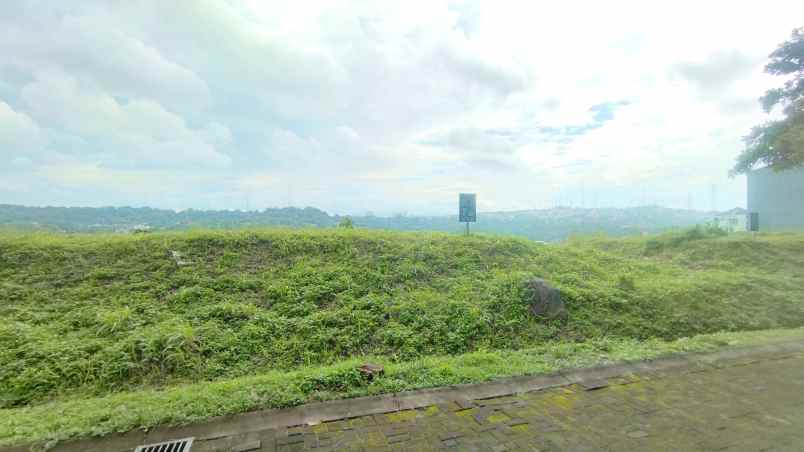 dijual tanah jl bukit hijau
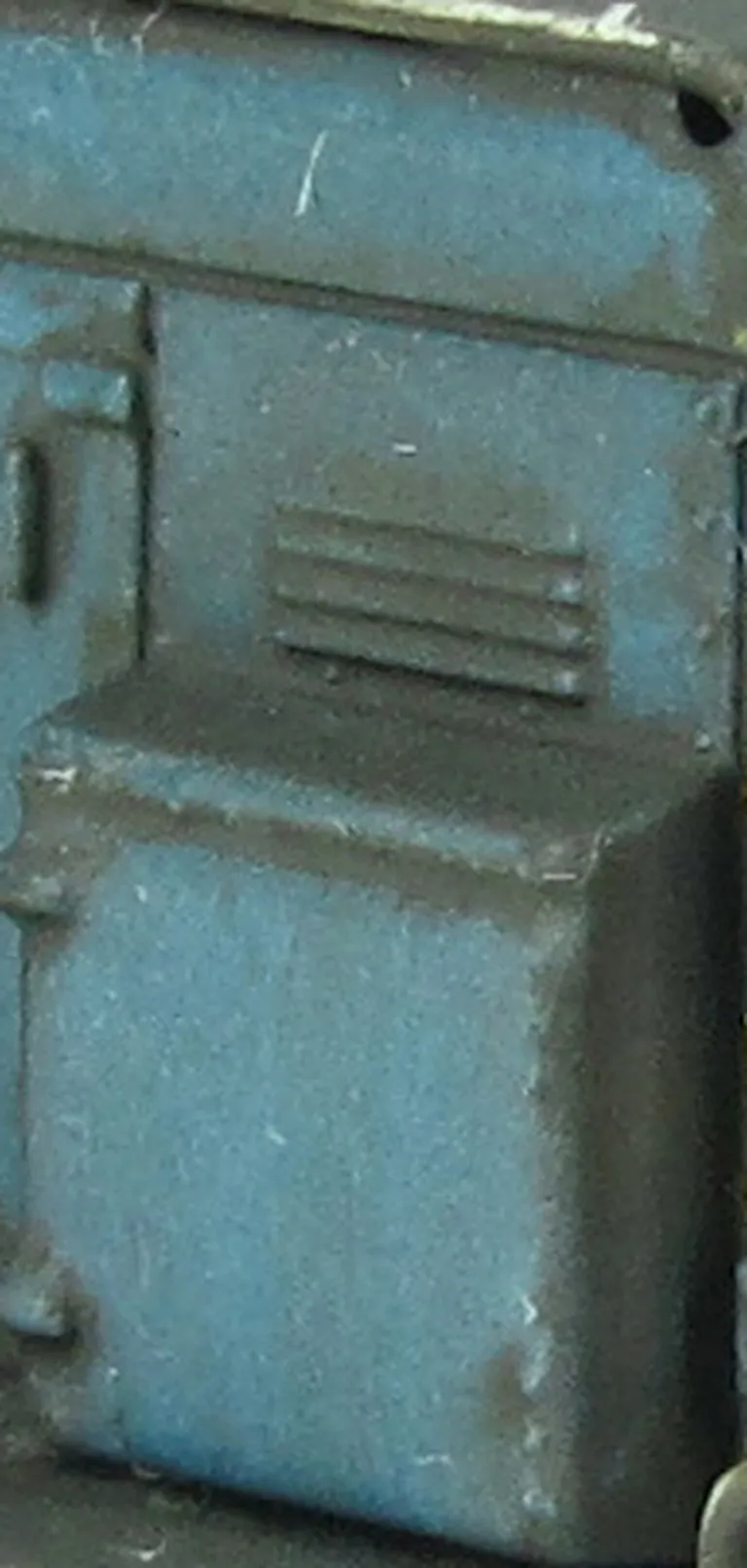 D2398 with faded paintwork, buffers painted yellow, renumbered and detailed buffer beam.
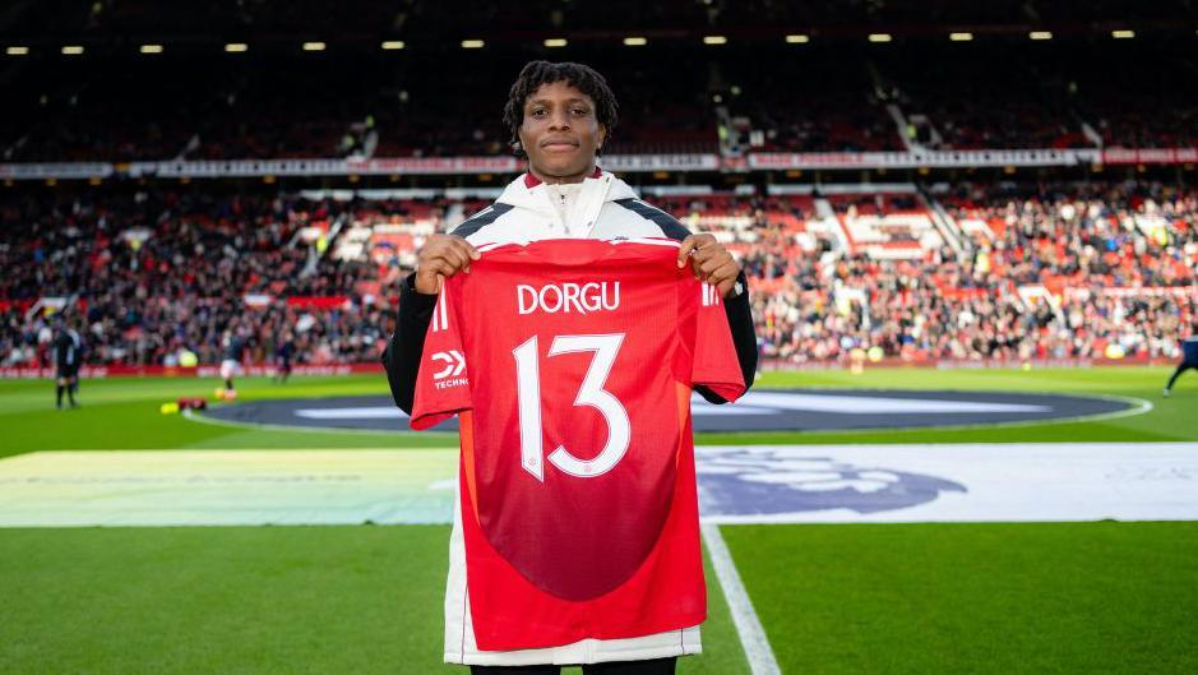 Dari Kritik Terbuka hingga Performa Gemilang, Bek Muda Denmark Ini Menunjukkan Mental Baja di Old Trafford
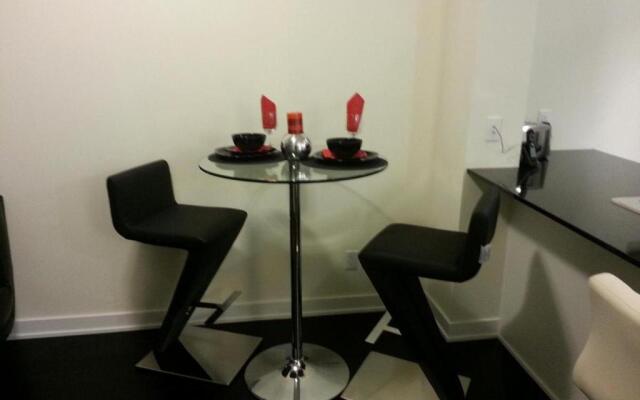 Royal Stays Furnished Apartments - Square One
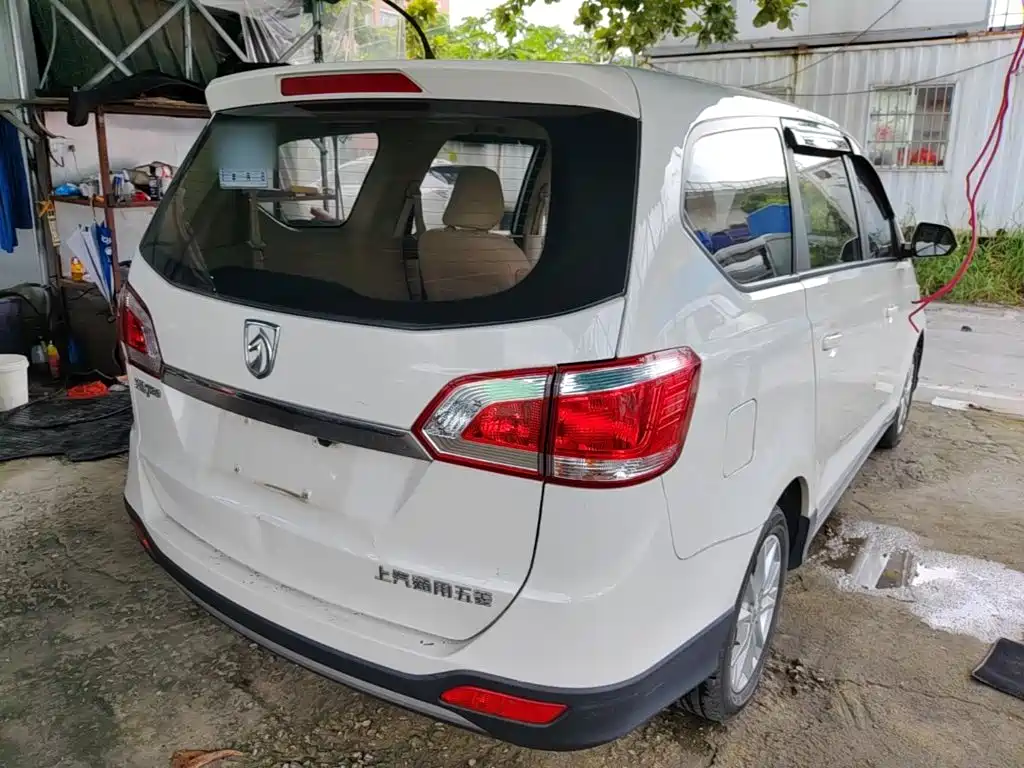 Baojun 730 2015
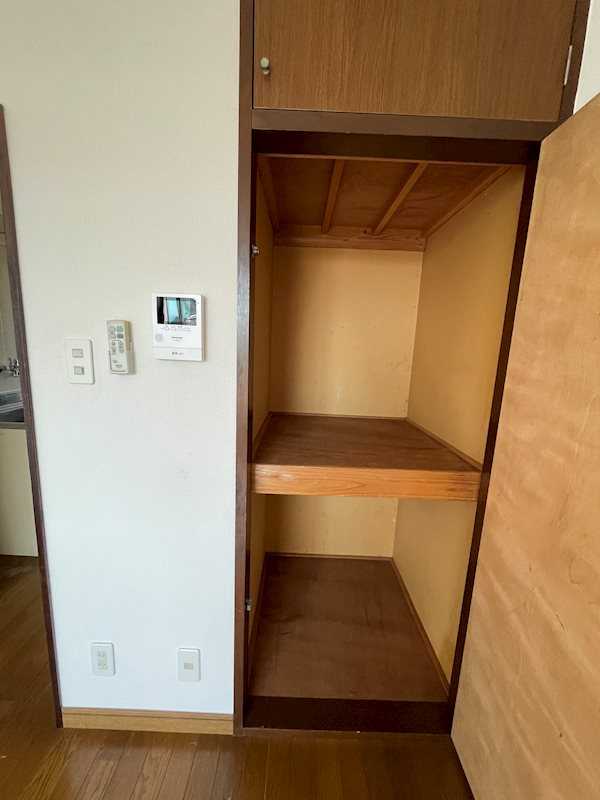 ��ʌ��������܎s��΋���Q���ڂ̃A�p�[�g�̎��[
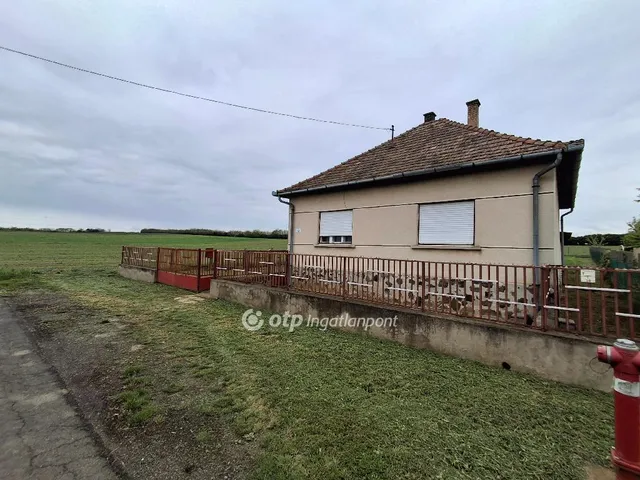 Eladó ház Mohora 73 nm
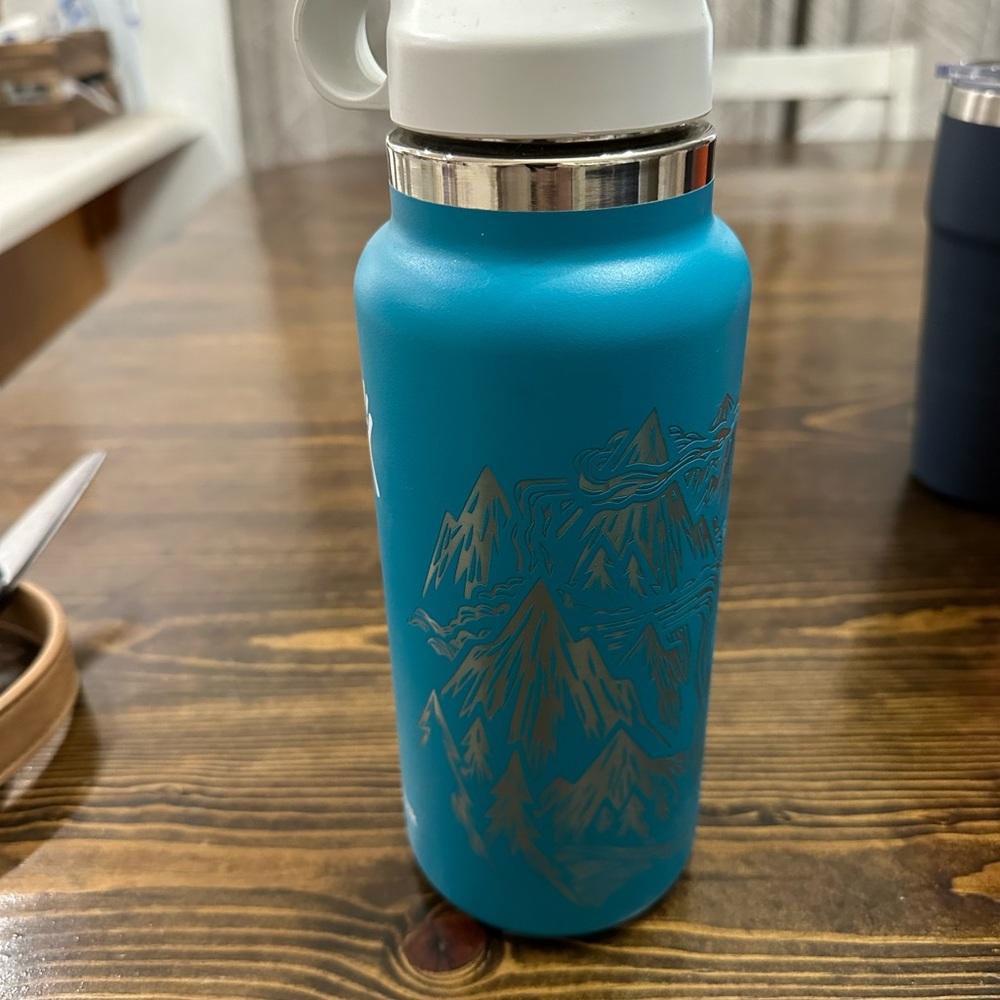 Limited edition Hydroflask no dents 32oz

---*---

### Work to be completed
Would you output, word for word, only the lines running from the line with "Dari Kritik Terbuka" to the end of the listing above, both ends included, with no pictures?

### Task output
 Dari Kritik Terbuka hingga Performa Gemilang, Bek Muda Denmark Ini Menunjukkan Mental Baja di Old Trafford
 Royal Stays Furnished Apartments - Square One
 Baojun 730 2015
 ��ʌ��������܎s��΋���Q���ڂ̃A�p�[�g�̎��[
 Eladó ház Mohora 73 nm
 Limited edition Hydroflask no dents 32oz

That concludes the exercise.